--- ASSIGNMENT ---
Set down a true copy of the data, with all pictures left out.

--- SOURCE DATA ---
======

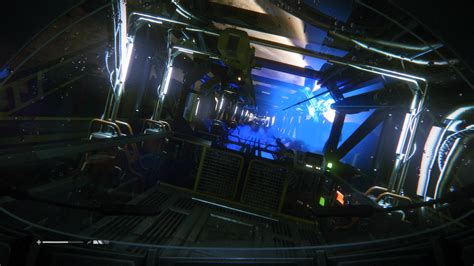 Tips Alien Isolation 的图像结果
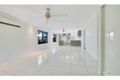 Property photo of 2/2 Apollo Court Taroomball QLD 4703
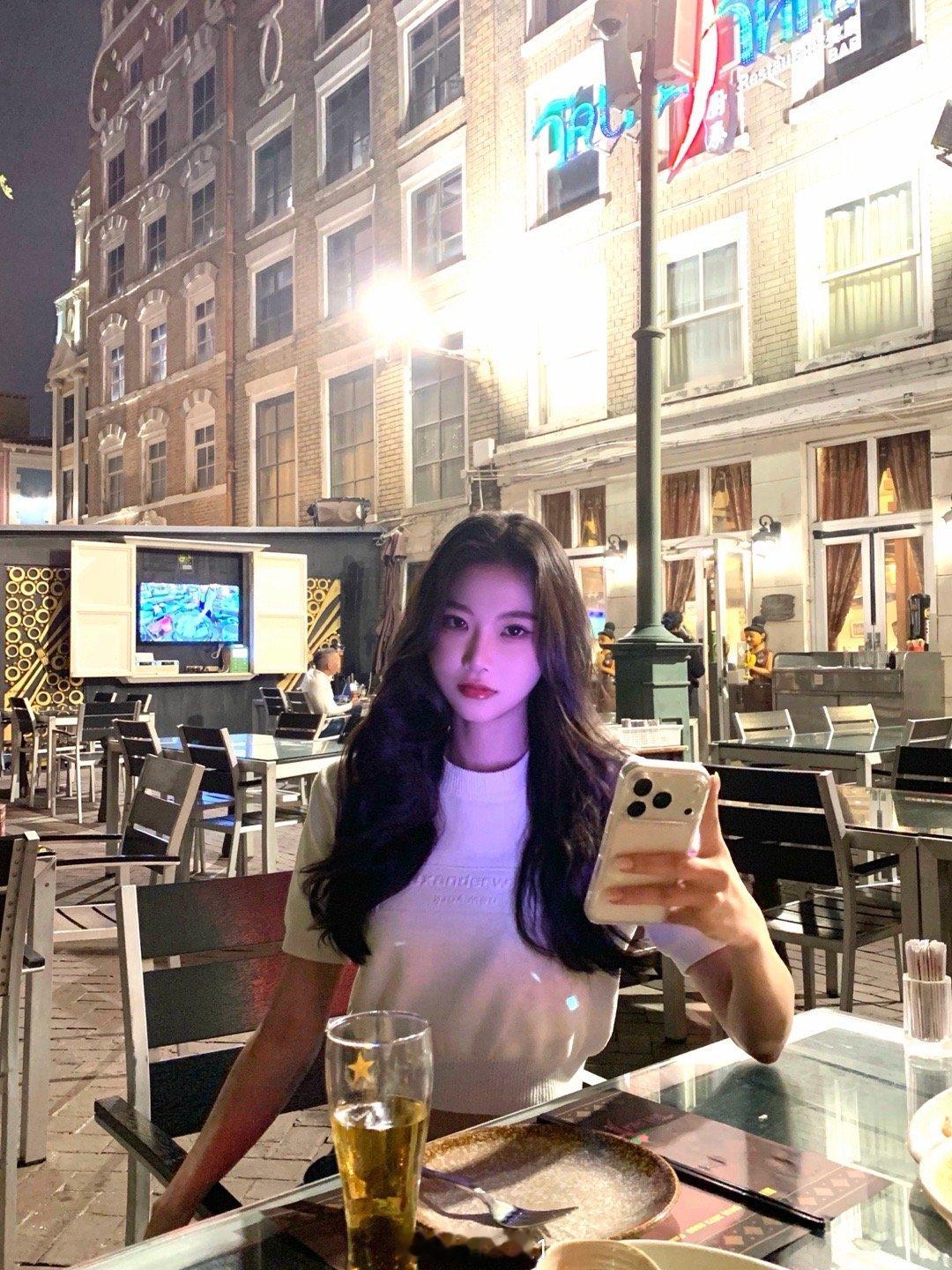 你的消息太难等了我要醉了澳门·澳門漁人碼頭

======

--- EXERCISE RESULT ---
 Tips Alien Isolation 的图像结果
 Property photo of 2/2 Apollo Court Taroomball QLD 4703
 你的消息太难等了我要醉了澳门·澳門漁人碼頭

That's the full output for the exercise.